By Nathan Adlam
The primary goal of this analysis is to work with the New York Division of Transportation to improve the efficiency and reliability of the city's bus transportation system. The city has been experiencing a significant number of bus breakdowns and delays, which has been causing inconvenience to commuters and straining the city's public transportation resources.
My main task is to analyze the provided data to identify patterns and factors that contribute to these breakdowns and delays. Let's get into it.
The data was downloaded as an Excel file and was rather large (282,160 rows). The data was not very clean so some cleaning was necessary before starting the analysis.
A copy of the data was created in another sheet in order to preserve the raw data. Some of the data cleaning steps taken were to manually update the names of the bus service companies, as some of them had variously-mutated names of what appeared to be the same company (Philips Bus Service, Philip Bus Service Inc. PHILIP BUS SERVICE, INC, etc.) Another important cleaning step was to clean up a column that included a range of times for the delay, so 2 columns were created to make this data more useable.

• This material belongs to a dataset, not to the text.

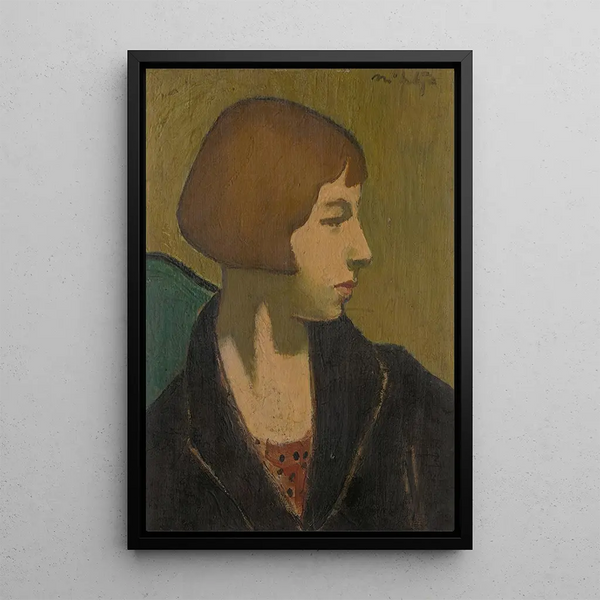 Woman in black jacket - Raymond McIntyre — framed artwork on a wall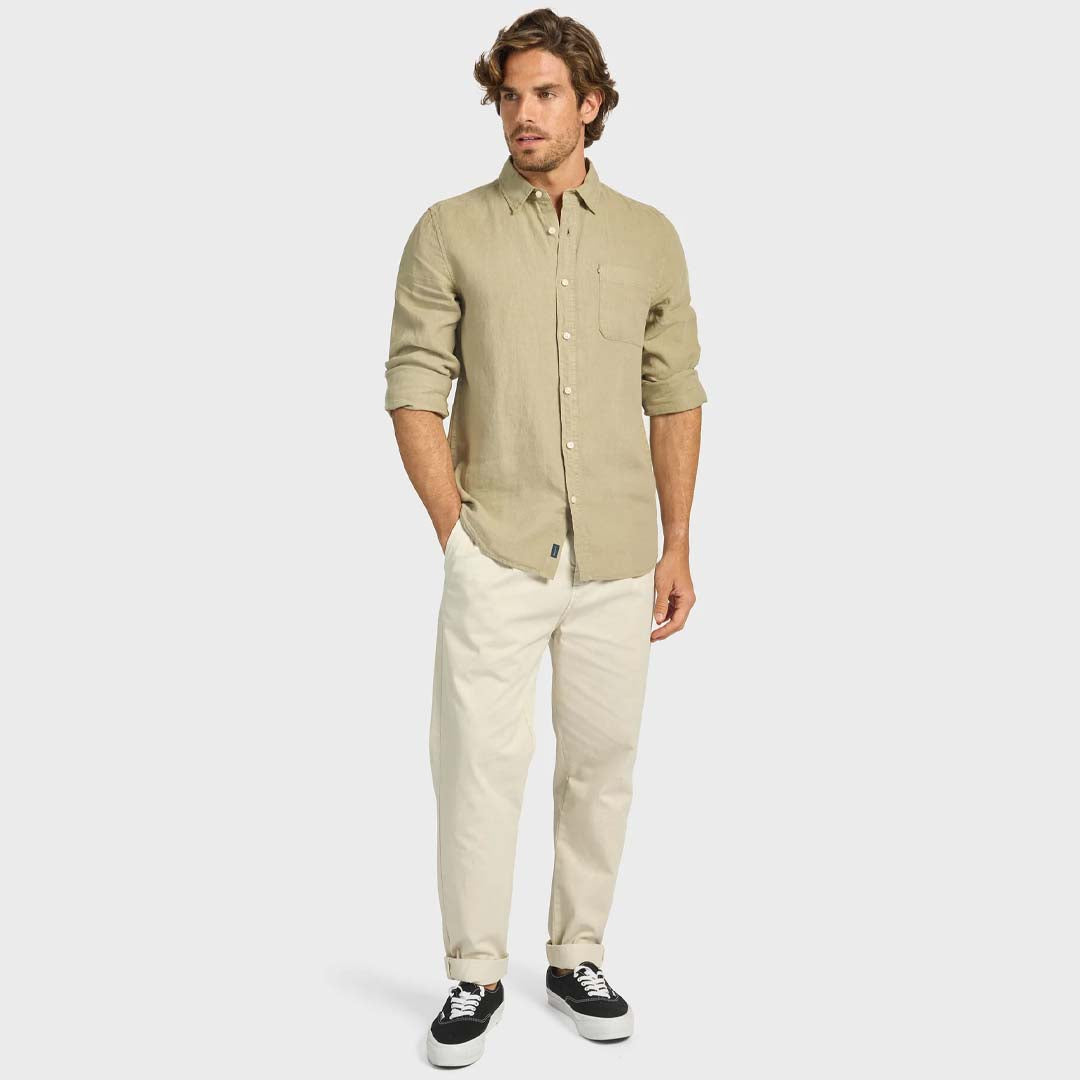 HAMPTON LINEN SHIRT | ALOE GREEN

The last main cleaning step was to change a date-time column to a day of the week. After that, the analysis could begin.
The following questions were the starting point for the analysis.
What are the most common reasons for delays and breakdowns?
How do delay times vary by bus company and borough?
Is there a correlation between specific days of the week and the frequency of breakdowns or delays?
Let's start with the first question, What are the most common reasons for delays and breakdowns?
The vast majority of breakdowns are occurring due to mechanical problems or "won't start", which also seems to be a mechanical problem.
This could be remedied with more regular monthly or weekly maintenance.
The overwhelming main cause of delays is heavy traffic. While traffic itself is not easily remedied, optimizing pickup times and locations could help reduce the time spent in traffic.
The next question is how do delay times vary by bus company and borough?
Let's take a look at a couple of charts.
The chart above displays the 10 bus companies that have the highest average delay times. Because we only have a possible range of delay times, we have an upper limit and lower limit for each company. This could be combined with a metric like number of breakdowns (while considering the number of trips) to examine their total impact in delays and review if it makes to sense to move forward with them in business.
The boroughs with the highest delay times are the main areas of NYC. These are the areas with the highest concentration of people and vehicles which would account for the longer delays.
And the last question: Is there a correlation between specific days of the week and the frequency of breakdowns or delays?
There is a spike in delays on Monday and a decrease in delays on Friday. Since the majority of delays are caused by traffic, we can assume the decrease in delays on Friday are caused by fewer people going into work that day.
There is a gradual decrease in breakdowns throughout the week. There is a higher percentage of breakdowns happening on Monday and decreases throughout the week. Perhaps scheduling some maintenance over the weekends could help with some breakdowns.
So that's it for this NYC School Bus Breakdowns and Delays analysis. This was a great exercise with a real dataset that could really add value to their organization.